Ma mère m’a appelé hier soir. Karine a rechuté, une nouvelle fois. Les pompiers l’ont accompagnée à la clinique. Elle a interdiction de parler à qui que ce soit. Ils ont trouvé plus d’une cinquantaine de bouteilles dans la maison déserte, vides pour la plupart, de l’herbe et des cartouches de cigarette espagnoles plein les placards. La dernière fois que je l’avais croisée, elle m’avait avoué carburer également aux anti-dépresseurs, aux anxiolytiques, aux somnifères et à la Red Bull (light) car elle détestait le café (“qui gâte les dents”)…
Quand nous étions au collège, alors que certains n’avaient même pas encore fumé de cigarette planqués derrière un mur, elle piquait déjà des bières à son père, chauffeur routier qui avait perdu son job après un énième contrôle positif. Il aimait trop le vin. On l’avait mis à pied une première fois. Il avait compensé par la bière. Puis par la bière et le vin. Puis par le Ricard.
Je me souviens très bien de lui, de son odeur surtout, que j’associais à celle des Navettes de Marseille, le parfum de l’anis m’ayant toujours rassuré, me faisant penser aux vieux dans le bar du village, en béret et vieille veste à carreaux empestant la pipe et la sueur, attendant leur femme à la sortie de la messe, accoudés au bar graisseux, les vieux à la voix rocailleuse et chantante accentuant les mots paysans du Sud Ouest pour les faire mieux rouler et puis les blagues grasses envoyées en patois à la serveuse, elle qui en avait entendu d’autres et qui riait parfois plus forts qu’eux.
Karine avait rencontré Benoît quand nous étions au collège, Benoît avait deux ou trois ans de plus, c’était un grand du lycée (pro) et il portait une vraie moustache, lui, ainsi que des cheveux mi-longs. Son père était agriculteur comme son grand-père et ses oncles et tout ce petit monde buvait déjà beaucoup. C’était “de famille”.

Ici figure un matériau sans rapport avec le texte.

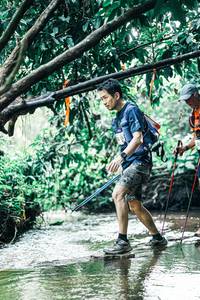 BIB: 
                            <button type="button" onclick="openModal(25410241)" class="btn btn-primary btn-sm float-right btn-popup" data-toggle="modal" data-target=".modal-high-quality">
                        <i class="fas fa-shopping-cart"></i> Add to Cart
                    </button>
                                            <button type="button" onclick="isThisMe(25410241, true)" class="btn btn-success btn-sm float-right btn-popup btn-isme hidden" data-toggle="tooltip" data-placement="bottom" title="นี่คือรูปของคุณใช่ไหม คลิกที่นี่เพื่อเอาเข้าอัลบั้ม">
                        <i class="fas fa-plus"></i> Add to album
                    </button>
                    <button type="button" onclick="isThisMe(25410241, false)" class="btn btn-warning btn-sm float-right btn-popup btn-isnotme hidden">
                        <i class="fas fa-ban"></i> Remove from album
                    </button>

Karine nous avait dit (et je m’en souviens car je lui ai longtemps, longtemps reproché) : “Benoît, c’est le diable mais avec moi c’est un ange” et quand elle avait dit ça, elle avait tout dit, elle avait choisi son destin. Benoît ne voulait pas reprendre la ferme mais il n’eut pas le choix, le bac passé et Karine fut ravie de quitter le lycée sans le moindre bagage car elle devenait une dame, d’un coup, passant sa conduite accompagnée avec son beau-père, payant des coups à tous les autres qui n’avaient pas un rond (on ne donnait pas d’argent de poche, à la campagne, on le gagnait l’été en faisant les maïs) et s’offrant déjà une sacrée réputation de pochtronne, canaille et sympa, toujours prête à danser au bal ou en boîte, à réconforter les amis de Benoît malheureux en amour et à tenir la buvette au comité des fêtes, les jours de Loto.
Ils n’ont jamais pu avoir d’enfants et je pense que les brimades puis les coups ont commencé à cette époque. La drogue est arrivée peu après pour lui, quand l’alcool ne faisait plus oublier la tristesse et l’amertume d’être tous les deux dans cette grande baraque vide au milieu des champs et des vaches.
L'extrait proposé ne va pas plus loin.